Die Frankfurter Rundschau schreibt, in "Dallas" würden die schmutzigen Machenschaften des Großkapitals bloßgestellt. Und im "Spiegel" nennt Diederichsen die Serie damals das "erste vollmarxistische Kunstwerk made in USA":
"Dass ich dem Ganzen eine marxistische Analyse zugeschrieben habe, eine schonungslose und eben marxistische und nicht sozialdemokratische Beschreibung kapitalistischer Verhältnisse, in der niemand gut sein kann und alle so handeln, wie die Verhältnisse es ihnen gestatten, bis zu einem gewissen Grade würde ich Elemente davon auch heute noch verteidigen. Zumindest gibt es die Tendenz in dem Ganzen."

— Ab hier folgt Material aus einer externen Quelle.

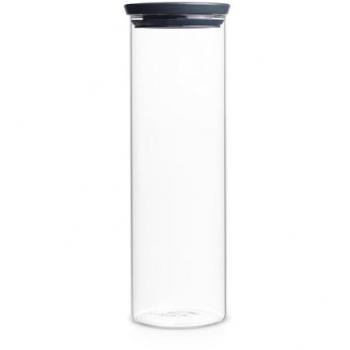 Brabantia Bote de Cristal 1.9 L, Gris/Transparente, 1,9 l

Andererseits bekommt J.R.-Darsteller Larry Hagman immer wieder Einladungen zu Parteitagen der US-Republikaner, die J.R. zum Symbol der neoliberalen Reagan-Ära stilisieren. "Dallas" ist interpretationsoffen:
"Dallas ist die erste postmoderne Fernsehserie", meint Historiker Christoph Classen. "Die hat nicht mehr den Anspruch zu sagen, wir wollen die Welt irgendwie besser machen oder irgendeine Moral vermitteln, sondern es ist eigentlich eine völlig zweckfreie, zynische Unterhaltung, die sagt, wir machen hier Unterhaltung und wollen damit Geld verdienen. Und dafür brauchen wir gewisse Tabubrüche, aber wir glauben eigentlich auch nicht, dass man mit Fernsehen die Welt verbessern kann."

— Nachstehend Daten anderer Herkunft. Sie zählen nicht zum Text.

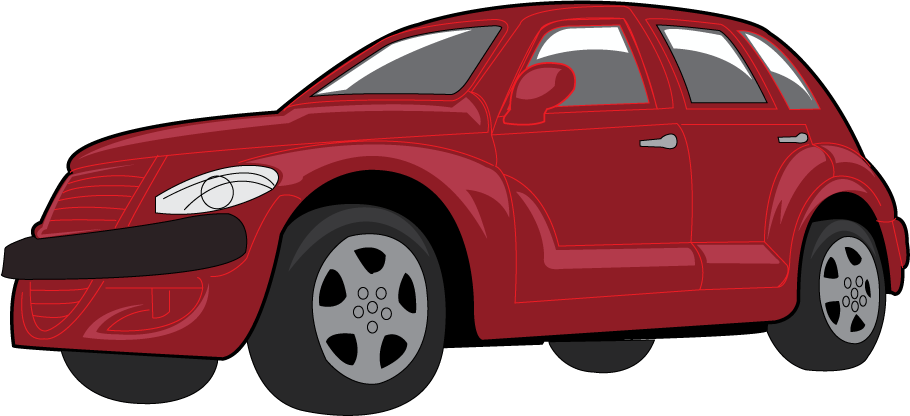 910x416 Clipartfort Vehicles Amp Transportation Four Wheels Red Pt Cruiser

Postmoderne Ironie als Allzweckwaffe

Die Handlung wird zunehmend nach Zuschauerbefragungen ausgerichtet, was in der berühmtesten "Dallas"-Szene gipfelt: der Darsteller von Bobby Ewing, Patrick Duffy, stirbt am Ende der achten Staffel den Serientod. Aber weil die Quoten sinken, holt man ihn wieder zurück:
"Das ist ja der Moment, wo die Serie sich selbst ad absurdum geführt hat, wo Bobby starb, 26 Folgen lang tot blieb, und dann steigt er aus der Dusche", sagt Claudius Seidl. "Und wir erfahren, 26 Folgen lang hat Pamela nur geträumt. Das waren einfach ungeheure Sachen, die mich fasziniert haben."

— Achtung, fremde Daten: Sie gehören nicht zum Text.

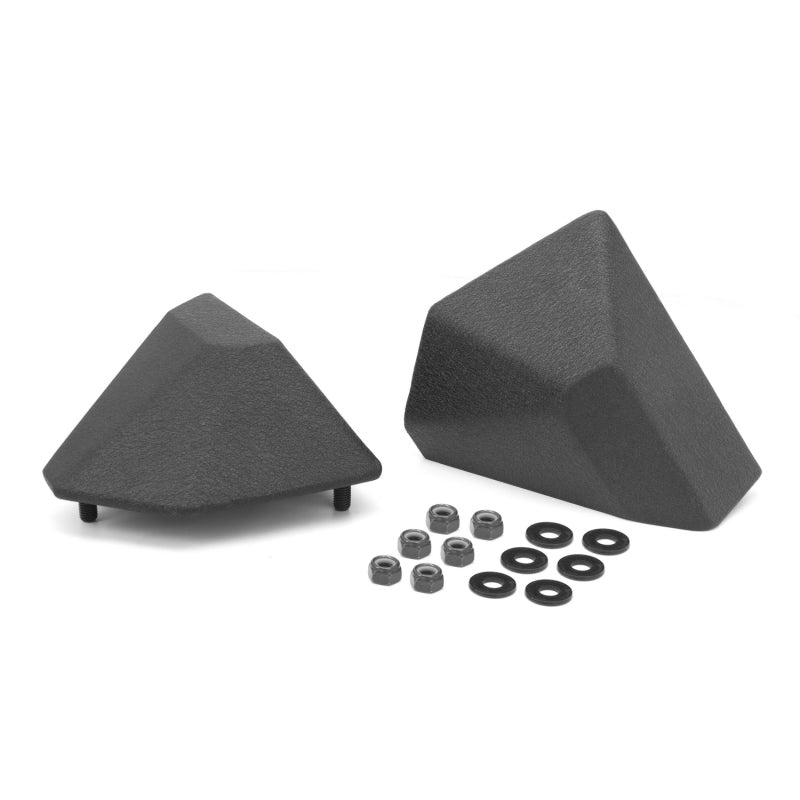 Rugged Ridge Textured Black Stubby Ends XHD Front Bumper: Fits Most Jeep Wrangler Models (2007-2018)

Als die Serie zehn Jahre später endet, hat sich das deutsche Feuilleton mit "Dallas" versöhnt. Die FAZ. gesteht ihr nun genialische Momente zu, der "Spiegel" attestiert "Dallas" historische Bedeutung. Die Idee vom Fernsehen als Instrument moralischer Hebung hat sich überlebt und postmoderne Ironie ist in der Unterhaltungsindustrie zur massenkompatiblen Allzweckwaffe geworden. "Dallas" hat die Achtzigerjahre mitgeprägt – oder wie es Christoph Classen mit den Worten des Medienwissenschaftlers Knut Hickethier sagt:
"Die Achtzigerjahre sind das ‚Dallas‘-Jahrzehnt."